声を荒げて広報課に飛び込んできた広報B。何でも、
「宇治川オープンラボラトリー」の取材許可がおりたという。
「実は京大以外の人たちにも活用されているオープンな施設なんです!」
今回はあっと驚く実験装置がいっぱいの、防災研究所「宇治川オープンラボトラトリー」をご紹介します。

「宇治川オープンラボラトリー」ってどんなところ?


上空からみる「宇治川オープンラボラトリー」

宇治川オープンラボラトリーは、さまざまな防災研究に関するユニークな実験装置を多数有する、世界でも有数の大型実験研究施設です。多種多様な研究が行われているのはもちろんのこと、消防、警察、学校の方々の研修などを受け入れています。そこでは、実際の災害で起こりうる場面を想定し、それを体感することで、視覚的・感覚的に水の強さや水害の恐ろしさを学習できます。
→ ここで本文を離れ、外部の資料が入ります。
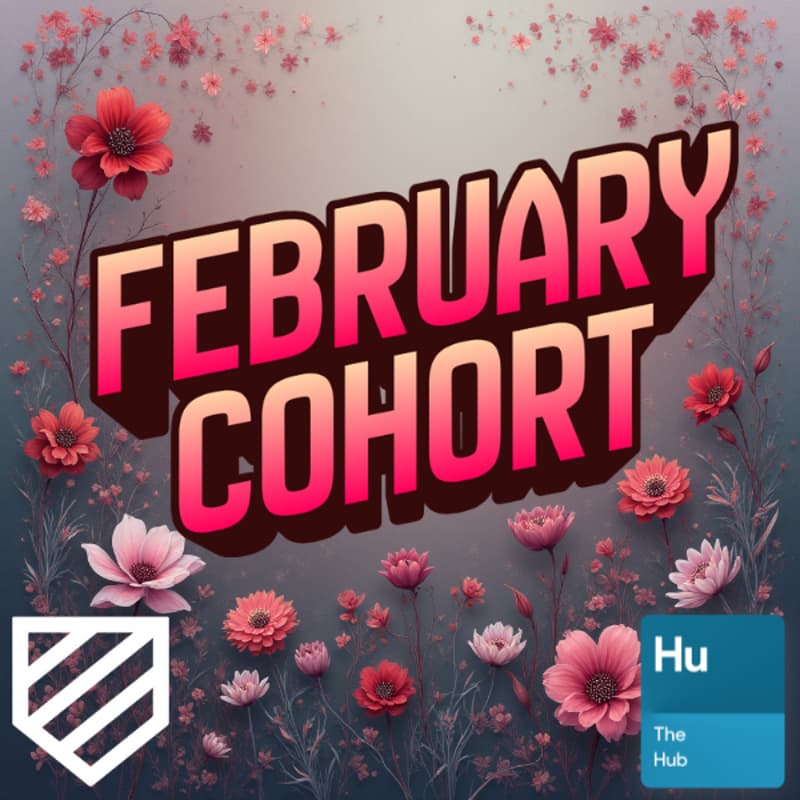 Cover Image for February Hub Cohort Session #2 - Training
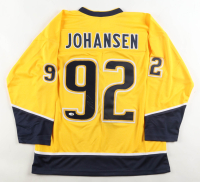 Ryan Johansen Signed Jersey (JSA) at PristineAuction.com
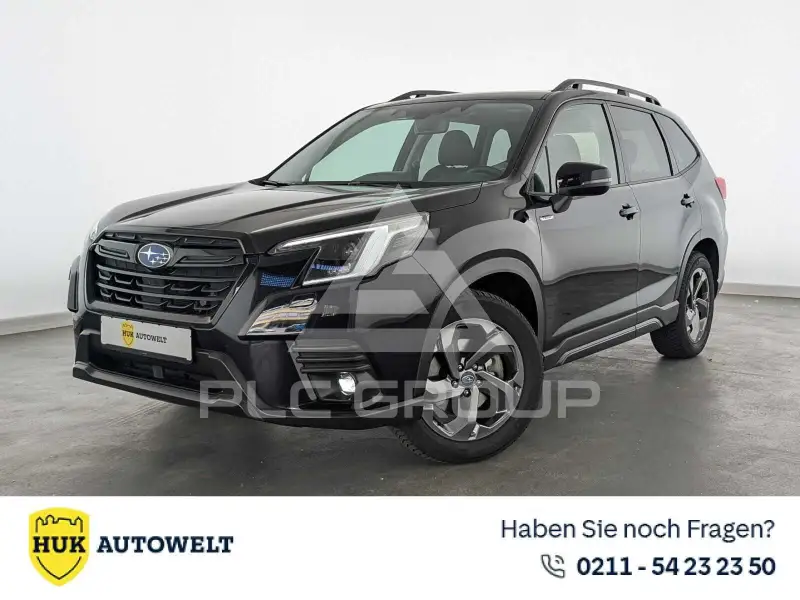 2024 Subaru Forester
※宇治川オープンラボラトリーでは、通常は学校関係または防災関係の諸団体のみ見学・研修を受け付けていますが、その他の団体または一般の方は、「宇治キャンパス公開」の際に体験が可能です。(例年10月実施)

「宇治川オープンラボラトリー」の
大型実験装置を体験レポート!

今回、ラボ案内を担当してくださったのは、川池健司 防災研究所流域災害研究センター
河川防災システム研究領域准教授。
川池先生は、都市域の浸水予測手法に関する研究など、災害のメカニズムについて研究しています。
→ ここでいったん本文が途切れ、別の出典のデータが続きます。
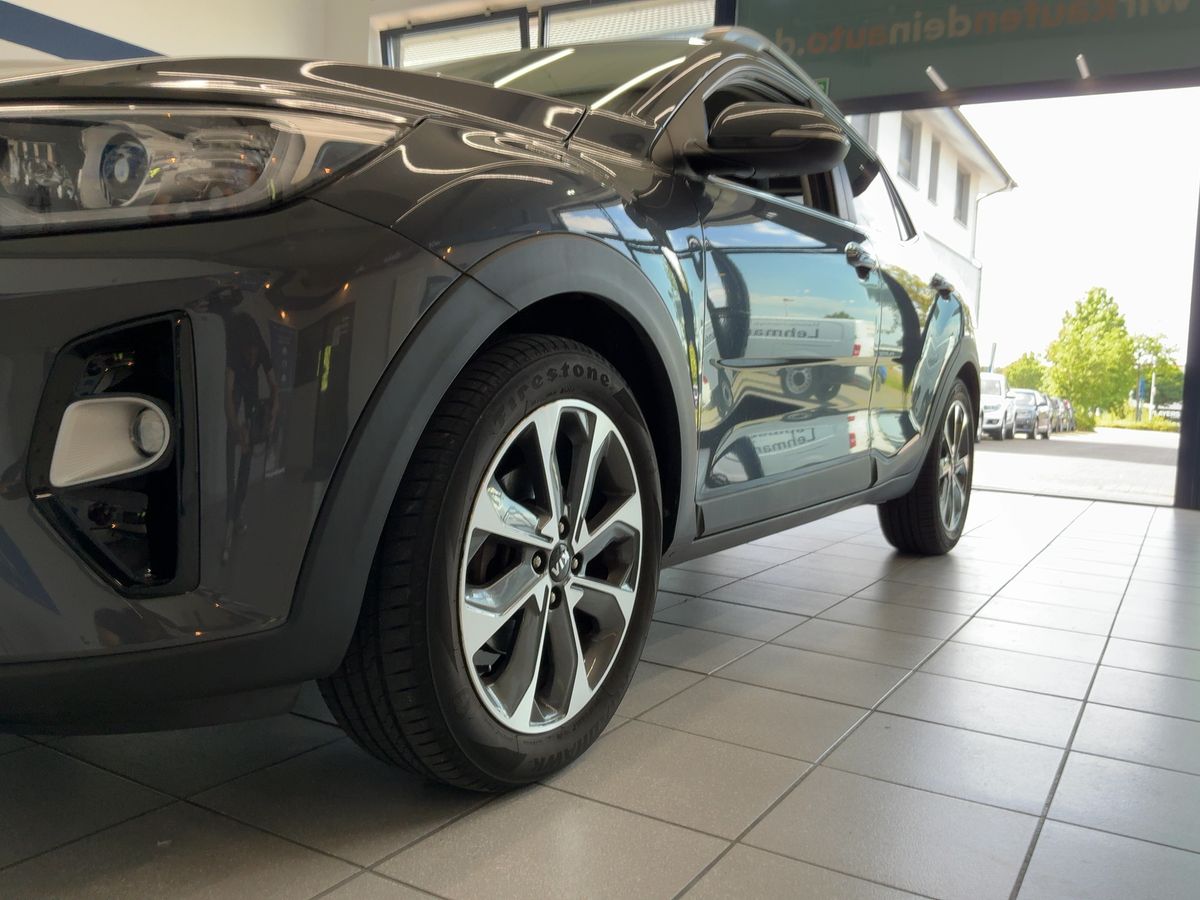 Kia Stonic d'occasion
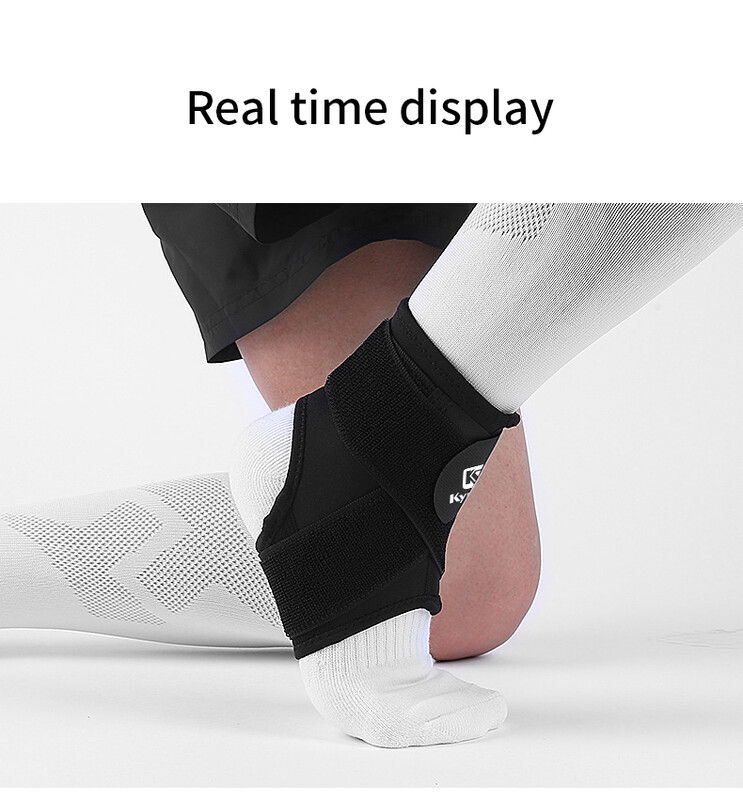 1 bucăți în aer liber baschet, fotbal, alergare, fitness, bandaj de compresie, entorsă la gleznă și întorsă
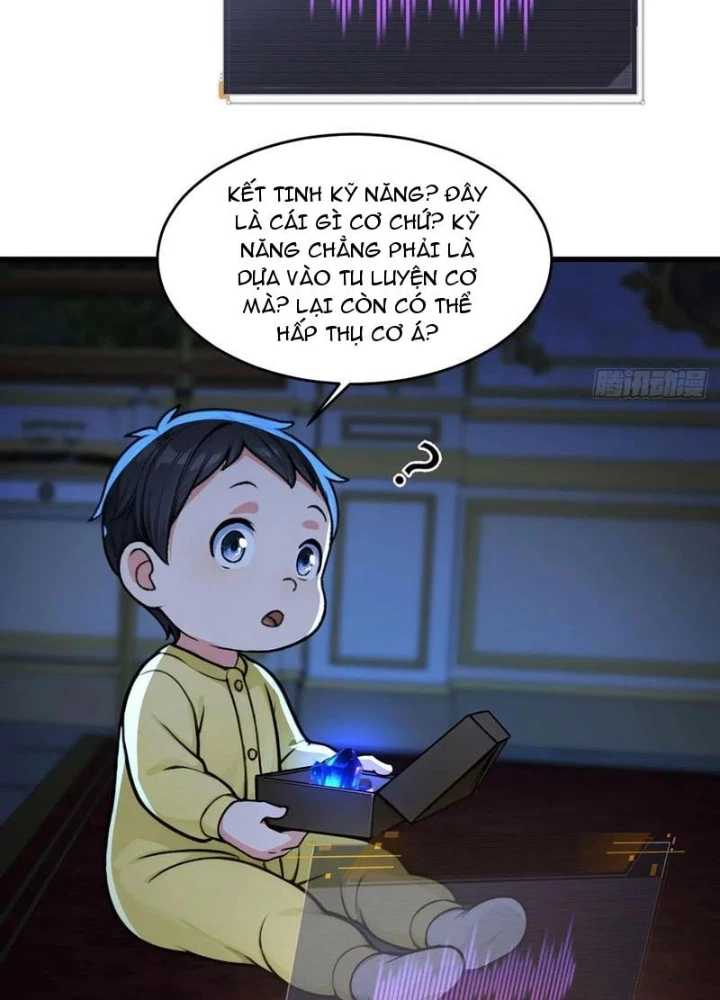 Sau Khi Đầu Thai, Ta Được Kẻ Thù Khắc Thành Vô Địch Chapter 10 - 13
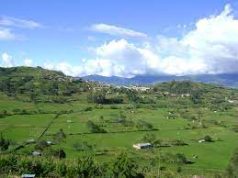 CHALAMARCA-CHOTA:POBLADORES DE GUANGAMARQUILLA CON SUS PROPIOS RECURSOS REHABILITAN SU TROCHA CARROZABLE ANTE NEGATIVA DE APOYO DE SUS AUTORIDADES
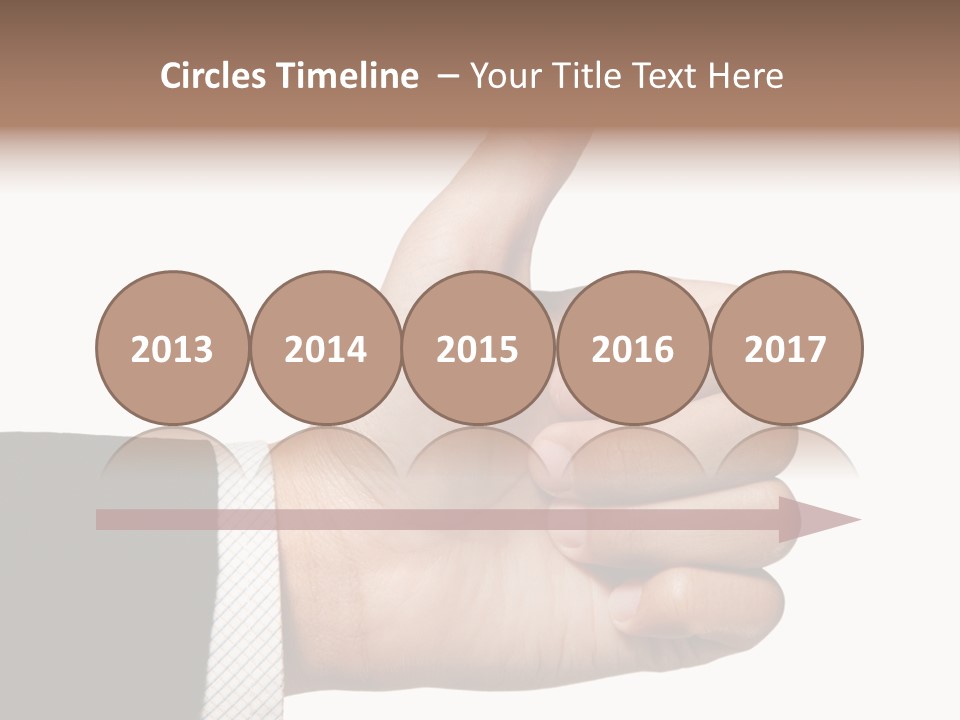 Background Start Concept PowerPoint Template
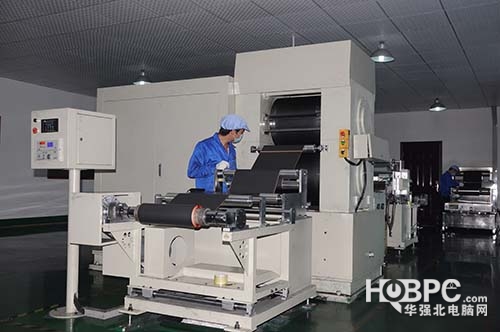  “創(chuàng)新能源 造福人類”：福斯特長(zhǎng)江電芯工廠走訪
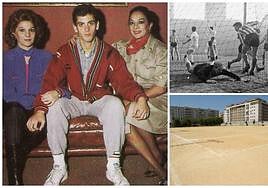 Quique Sánchez Flores y su pasado como aficionado del Sevilla: «Cuando era socio me sentaba allí arriba»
▼この日、体験させてもらったメニューは以下のとおり。
【雨水流出実験装置】
【実物大階段模型】
【浸水体験実験装置(ドア模型)】
【浸水体験実験装置(車)】

今回は、消防関係の方々の研修に一緒に参加させていただきました!
川池先生のレクチャーも受けながら、広報Bの体当たり体験レポート、スタートです!

【雨水流出実験装置】
ー 局地的な豪雨による視覚と聴覚の恐怖を体感! ー

「もし、突然、ものすごい大雨が降ったら・・・?!」

「雨水流出実験装置」は、
降雨によって誘発される諸現象のメカニズムを解明するために、さまざまな実験装置の設置を前提に設けられている降雨装置です。
実験領域は大きく2ブロックに分かれており、制御室から見て、奥側は主に河川流域模型の設置を前提に霧状の雨粒を生成するノズルを設置しています。手前側には、土砂崩壊/土石流発生の実スケールに近い模型実験を実施することを前提に雨粒を生成するノズルを設置しています。実験床は、上流・中流・下流をイメージした三つのブロックに分割され、それぞれ独立に流量計・電磁バルブが設置されており、コンピュータ制御により任意の降雨時系列がそれぞれ独立にシミュレートできるようになっています。最大雨量強度は300mm/hです。

早速体験いたしました!
まずは長靴に履き替え、大きめの傘をもち、心を落ち着け、豪雨に打たれる準備からスタート。最大雨量強度は300mm/hですが、この日は150mm/hを体験します。
徐々に天井から雨が降り出し、みるみるうちに、たたきつけるような豪雨になりました。まるで滝行をしているような水しぶきです。
とにかく音がすごいことに驚きます。近くの人と声をかわそうとしても、自分の声もほとんど聞こえません。視界も真っ白で、これがもし運転中だったら・・・、足場の悪い山道だったら・・・と考えると本当に怖い・・・。聴覚と視覚の恐怖感がありました。
大きめの傘を差していても、体験後はかなりびしょ濡れ。150mm/hでもここまで激しい雨ということは、300mm/hってどんなんだろう・・・?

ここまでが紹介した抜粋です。